Do you contend that in order to be highly successful, one must have an unblemished, even perfect
work record? Do you further believe that an imperfect and blemished work record is a strong deterrent to success? Do you also strongly contend that people who have been terminated(i.e. fired) from their jobs WON'T be highly successful as they are considered to be failures in the eyes of employers?
To me, having an "unblemished" or "perfect" work record implies that you've never taken a risk. It's easy to be non-controversial if you never take a strong position. That can be interpreted as being either wishy-washy or untested.
Not necessarily the case.An unblemished &perfect work records means that the person is a great employee.Employers LOVE such employees & WANT them as they aren't deemed problematic.No employer wants an employee w/a blemished/imperfect record!
That depends entirely on what the "blemishes" are. If someone is perpetually late or was caught stealing from the company, then I agree that they won't be wanted. Other types of "failures" can be valuable learning experiences.
An unblemished record, means that everything did not get reported to the personnel department or the company president.
While there ARE favorites who receive preferential work treatment, many people w/perfect/unblemished work histories and records are legit! Such stellar employees DO exist!
In order to be highly successful especially in the corporate sphere, one must have an unblemished, even perfect work history and record. People with blemished and imperfect work histories and records really don't go so far in the corporate world. Such people are viewed as flawed, even damaged by superiors and bosses. They are considered not to have what it takes to become successful, especially if they are considered for high powered and leadership positions. Who is going to follow such a flawed person-NO ONE. Employers want to promote people who have provability which translates into that they must be perfect and unblemished as people tend to follow those who are deem as perfect as possible so the former have someone to look up to, even emulate.
Also people with imperfect and blemished work records are seen as damaged goods, failures, even losers. They are considered not success material by prospective employers who in all likelihood won't hire them because of the negative image of failure. While we are on the subject, people who have been fired from their jobs, not downsized nor laid off, are less likely to be highly successful because of their negative work record. People who are highly successful in most cases have NEVER been fired from any job and have experienced levels of success in the workplace. Also, being fired from a job is a stigma which will follow that person wherever h/she goes. It will be difficult for such a people in light of his/her firing to obtain a job and if h/she gets a job, h/she will be treated and perceived to be a failure. Also, there is a higher likelihood, h/she will also be fired from the present job as h/she was in the past job and the cycle continues. H/she will probably become unemployable or merely settle for crappy jobs.
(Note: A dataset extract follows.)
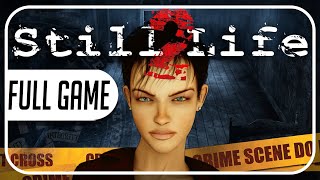 Still Life 2 Full Game Walkthrough No Commentary Longplay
Your comments are typical of the 30something group. If your career that covered 37 years, not counting the after school job in high school or the dish washing job and never made a mistake is not accurate. People learn from mistakes. Perfection is har
I am in your age category. There are people who have perfect work histories and records and have worked a long time. People w/blemished work records are viewed as failures/problematic. They aren't good employment prospects at all!
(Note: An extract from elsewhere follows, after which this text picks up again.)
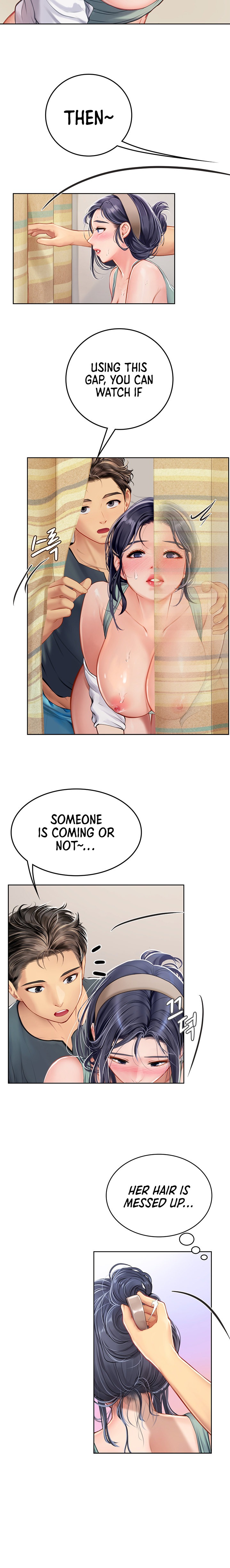 Intern Haenyeo Chapter 21 Page 14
If you never made a mistake, it means you never took a chance, never disagreed with a superior politely, and dumped the routine work on a subordinate. If you never made a mistake, at least none that anybody caught, you must be the CEO of the company
The issue is, what is an unblemished work record? Some people change jobs, "looking for greater" challenges when, In fact, they fear they are on the chopping block.
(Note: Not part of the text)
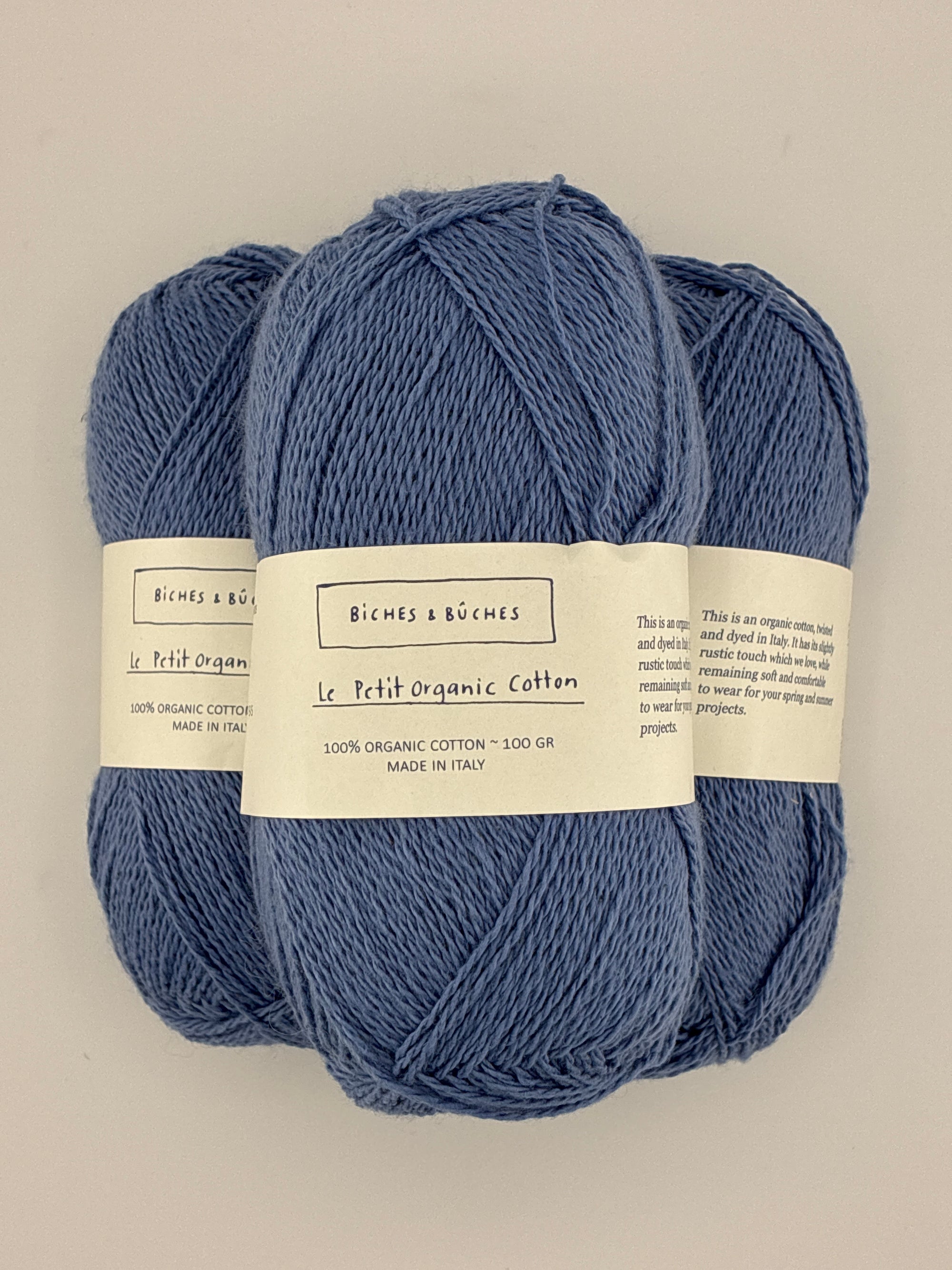 Biches &amp; Buches Le Petit Organic Cotton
Constant perfection is hard to achieve. When I was hired for my last real job, in 1982, I was interviewed by a large committee. I knew the person I was replacing. He died about a year earlier. I told the group I had a good knowledge of the industry, a strong writing and research skiills, but I was not an outgoing person like my predecessor. It was that statement that started the questions, which I were able to answer and got me a job. I went without references, because I was not ready to tell my current employer, I was looking. That action falls into the "don't burn your bridge's" category.